Opini

Bekerja Tapi Tetap Miskin, Fenomena Working Poor di Sulawesi Barat

Kondisi ini berdampak langsung pada rendahnya pendapatan rumah tangga, terutama bagi mereka yang bekerja di sektor informal

|
Editor: Ilham Mulyawan
Tangkapan layar
KEPALA BPS Mamasa Sulawesi Barat Aan Setyawan 

Oleh:
Aan Setyawan
Kepala BPS Kabupaten Mamasa

TRIBUN-SULBAR.COM - Sulawesi Barat menunjukkan capaian ketenagakerjaan yang menggembirakan dalam beberapa periode terakhir. 

Pada Februari 2025, Tingkat Pengangguran Terbuka (TPT) provinsi ini tercatat 3,17 persen, menjadikannya salah satu yang terendah di Indonesia. 

Meski demikian, angka ini tidak sejalan dengan pengentasan kemiskinan. 

Merujuk pada data terakhir, pada September 2024, 10,71 persen penduduk Sulawesi Barat masih hidup di bawah garis kemiskinan, menempatkan provinsi ini dalam 15 besar provinsi dengan kemiskinan tertinggi. 

Hal ini mengindikasikan bahwa meskipun banyak lapangan kerja tercipta, itu belum cukup untuk mengangkat masyarakat dari kemiskinan.

Keberhasilan pembangunan ketenagakerjaan tidak bisa hanya dilihat dari satu indikator TPT saja. 

Perlu analisis lebih komprehensif dari berbagai indikator ketenagakerjaan lainnya agar kebijakan pembangunan lebih tepat sasaran. 

Tujuan akhirnya adalah untuk meningkatkan kesejahteraan masyarakat secara menyeluruh.
Lebih Dalam Melihat Dinamika Ketenagakerjaan.
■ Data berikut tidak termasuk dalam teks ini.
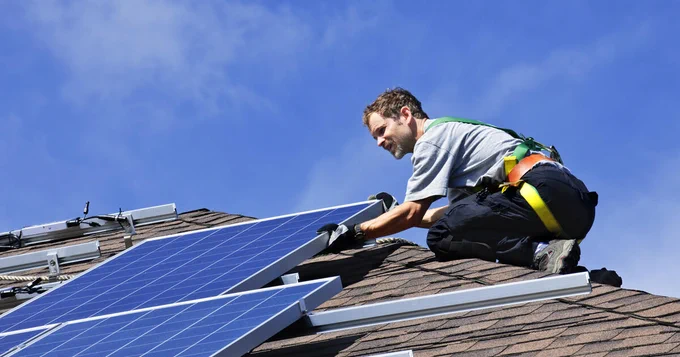 This is a photograph of the installation of solar panels on a home's roof.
Jika dilihat lebih mendalam, meskipun selama periode Februari 2024 hingga Februari 2025 Sulawesi Barat berhasil menyerap tenaga kerja sebanyak 14,71 ribu orang, jumlah pengangguran justru ikut bertambah sebesar 1,64 ribu orang, sehingga total pengangguran mencapai 25,02 ribu orang. 

Kondisi ini mengindikasikan bahwa peningkatan kesempatan kerja belum mampu mengimbangi pertambahan jumlah angkatan kerja baru, yang sebagian masih belum terserap oleh pasar tenaga kerja.
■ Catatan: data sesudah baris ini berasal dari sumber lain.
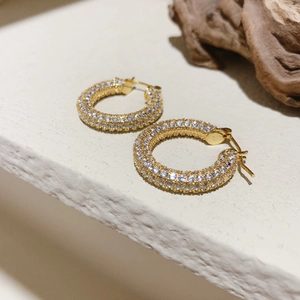 Dettaglio di orecchini a cerchio a U placcati in oro con zirconi bianchi micro-pave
Selanjutnya, dari sebanyak 764,61 ribu orang yang bekerja di Sulawesi Barat, mayoritas bekerja pada sektor pertanian, mencapai 53,48 persen. 

Sektor ini menjadi tulang punggung ketahanan ekonomi daerah karena mampu menyediakan kebutuhan dasar, menyerap tenaga kerja dalam jumlah besar, dan relatif stabil menghadapi guncangan ekonomi. 

Namun, dominasi sektor pertanian juga menyimpan sejumlah risiko. Ketergantungan yang terlalu tinggi terhadap sektor ini menyebabkan struktur ekonomi daerah menjadi kurang beragam, sehingga rentan terhadap perubahan iklim, gagal panen, dan fluktuasi harga komoditas yang dapat berdampak langsung pada kesejahteraan petani dan stabilitas ekonomi secara keseluruhan.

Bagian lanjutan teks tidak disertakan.